— Your assignment —
An exact repeat is needed of the lines from the one with "4Pcs Baby Bodysuits Pants Set Allmartdeal" through the last line of the data below. Please omit the pictures.

— Working data —
------------------------------------------------------------------------

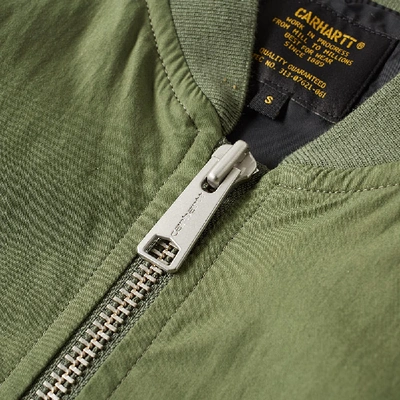 Shop Carhartt Adams Ma-1 Bomber Jacket In Green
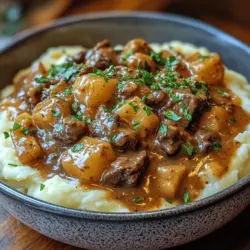 Hearty Beef and Mushroom Gravy Over Mashed Potatoes: A Comforting Family Favorite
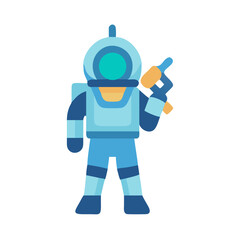 Retro space explorer illustration wearing a space suit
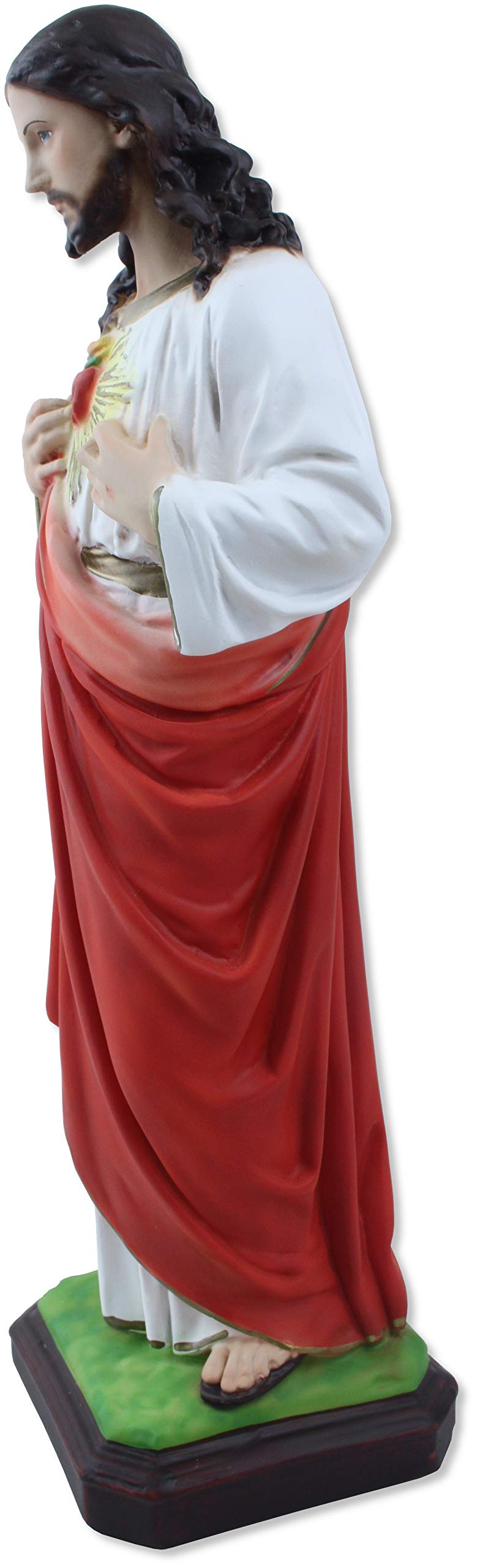 Proposte Religiose Statua del Sacro Cuore di Gesù in resina. Altezza cm 40. Dipinta a mano.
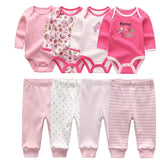 4Pcs Baby Bodysuits Pants Set Allmartdeal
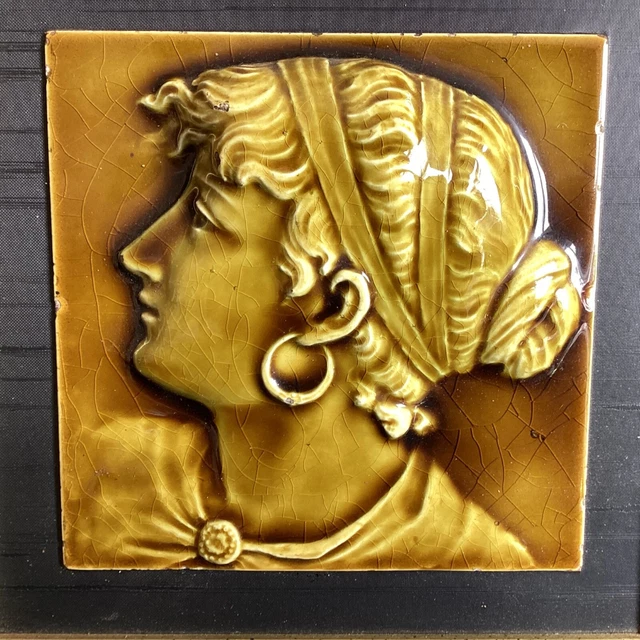 Antique Trent Tile Co. Trenton NJ 6”x6” Lady Portrait Arts & Crafts Tile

------------------------------------------------------------------------

— Solution to this task —
 4Pcs Baby Bodysuits Pants Set Allmartdeal
 Antique Trent Tile Co. Trenton NJ 6”x6” Lady Portrait Arts & Crafts Tile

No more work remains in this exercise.